Deportations stopped for 12 immigrants targeted in raids

Undocumented Immigrants Detained Across US For Mass Deportation

The Salvadoran Embassy in Washington D.C. set up a hotline for those affected by the raids.

In a Monday, Jan. 4 statement the Department of Homeland Security said 121 undocumented immigrants were detained and are now in the process of being deported to their home countries.

"I have said publicly for months that individuals who constitute enforcement priorities, including families and unaccompanied children, will be removed", Johnson said. A statement Tuesday by the chair of the congressional organization, which focuses on issues affecting Latino communities, adds to the numerous civil rights and immigrant groups that have expressed concern over the raids, which targeted adults and children who have been apprehended at the US southern border since May 2014. Homeland Security says additional raids "will continue to occur as appropriate".

The woman, married with three children, said she has two brothers living in the US, and that one of them has been in the process of deportation in the past. Those from Central America will be flown on chartered flights back to their home countries. Since then, immigration officials have been increasing their deportations, the DHS claimed, averaging about 14 per week.

The raids by the Obama Administration on families from Central America must stop. He said: "We have made life intolerable for people who want to live peaceful family lives and we don't take any responsibility for that".

The raids followed a spike this fall in the number of immigrant families and unaccompanied minors coming into the United States.

Muñoz said it's been hard for many recent Central American migrants to navigate the immigration system.

Further details to come.

Anxious advocates called for a halt to the roundups and said they are mobilizing to protect immigrants.

The raids, in which agents typically arrived at the homes of people with deportation orders in pre-dawn hours, began over the weekend in states such as Texas, Georgia and North Carolina.

In addition to the removal efforts, Johnson noted that the agency is also increasing border security efforts by deploying more permanent agents and surveillance to the border, "cracking down" on human smuggling operations, working with Mexico, and funneling $750 million in aid to Central America to help stem the migration northward.

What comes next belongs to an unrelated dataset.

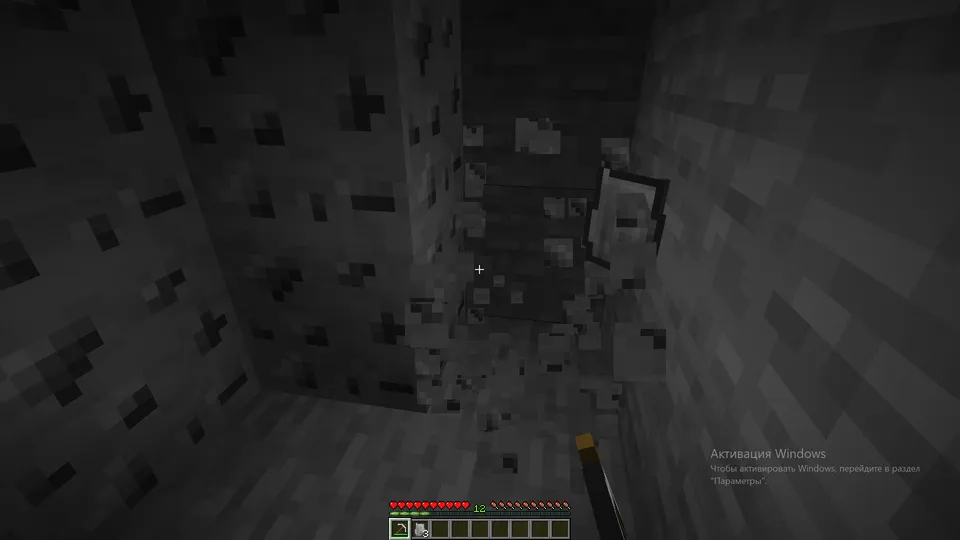 Forge Metall — Minecraft mod, rasm 3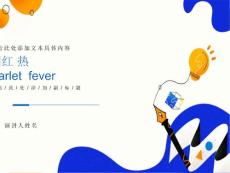 猩红热的诊治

However, while more than 6,000 children and their parents had applied to the program, only about 90 applicants had been interviewed by last September.

The Michiana Immigration Coalition, a collective of numerous immigrant advocacy groups in Elkhart, Goshen and South Bend, has issued a sheet offering advice to immigrants anxious about detention. "They should not open the door unless ICE shares a warrant with a specific name for the person they are looking for", said Cristina Jimenez, managing director of the New York-based group United We Dream, which created a hotline related to the raids. "It is not a crime to arrive at our borders and request protection, and the overwhelming evidence indicates that these families have legitimate claims under USA law".

DHS Secretary Jeh Johnson said in a statement released Monday that the operation to find and deport Central Americans launched over the weekend "should come as no surprise".

Salvador Ongaro, a Phoenix immigration lawyer, said he believes most of the Central Americans targeted over the weekend had been ordered deported "in absentia".

Information gathered by the Transactional Records Access Clearinghouse, a nonpartisan research project supported by Syracuse University, bears this out.

After they're picked up in the current raids, immigrant families are taken to a detention center in Dilley, Texas, to await deportation.

"I also recognize the reality of the pain that deportations do in fact cause", Johnson said.

"At all times, we endeavor to do this consistent with American values, and basic principles of decency, fairness, and humanity".